The assumption here is that you have a fairly standard memory layout with vectors data, bss and heap staring at bottom of RAM and
Stack starting at top of RAM.
First make sure you can access or create linker symbols for
|Start of Stack
|End of Stack
||lowest stack address
|Size of Stack
|End of heap
Usually at start up there is a memory gap between end of heap and end of stack
Create some variables for -
- Current Stack maximum size
- Clean Heap/gap before stack
- Four or more threshold values for stack actions as in examples of
These can easily be created and initialised at start up.
If you are going to log (dump stack and variables) somewhere make sure even at emergency action level there is enough stack depth
left to disable interrupts and call all the necessary function levels to save all data you need to some non-volatile storage.
then do even worst case action of either halt or watchdog reset.
Similar to interrupts it is best if you can have storage area for TWO copies at least, so first time is saved always then any
others are saved as latest HIGHEST problem, so even after power cycle you will still have the first time it happened.

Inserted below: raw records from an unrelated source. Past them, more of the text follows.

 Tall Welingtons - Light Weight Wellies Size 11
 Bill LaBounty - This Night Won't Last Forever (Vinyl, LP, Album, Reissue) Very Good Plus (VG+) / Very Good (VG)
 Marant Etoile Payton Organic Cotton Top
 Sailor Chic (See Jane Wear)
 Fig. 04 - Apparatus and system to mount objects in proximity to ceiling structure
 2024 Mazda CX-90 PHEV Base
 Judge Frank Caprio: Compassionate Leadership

Right so these are some of the things you need, how do you use them?
First thing is ALL timer tick like functions, should do simple stack threshold tests, to catch run away recursion, or nested
interrupts being continuously called. Then action appropriately. Once a threshold has been reached obviously should only action
again at next threshold level to avoid over loading the system.

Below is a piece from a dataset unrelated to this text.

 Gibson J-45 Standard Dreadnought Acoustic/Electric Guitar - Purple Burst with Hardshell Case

Second monitoring method requires -
- at start up fill the bottom half of the stack and the same size again below the stack with a fixed 32bit pattern like
0xDEADFACE or 0x5555AAAA, set your variables for current maximum stack at half stack, and the clean heap before stack to lowest
point filled with pattern.
- As an 'idle task' or part of your 'super loop' when waiting you can then see if the pattern exists at both locations still, if
stack pointer at thresholds.
- If either end has been overwritten you can by binary chop search pattern find where the new points are and log them for next
pass and for analysis.
This gives the software data that can be used to log, raise alarms or do other actions for such events as -
- Heap starting to approach stack
- Heap at different thresholds near stack
- Heap starting to over write stack area
- Stack approaching bottom and various thresholds
- Stack overwriting heap area
- Both ends have MET!!!
This becomes defensive programming and can give you data analysis. So a couple of pointers can tell you a lot of data about what
happened to your stack and you have the ability to save the whole stack and other system status to work out what is happening,
before it becomes destructive. All with a small amount of code and very few variables.
As with everything else what actions you take at each step is a matter best suited for your application and how safe it has to
operate or if a watchdog reset is sufficient.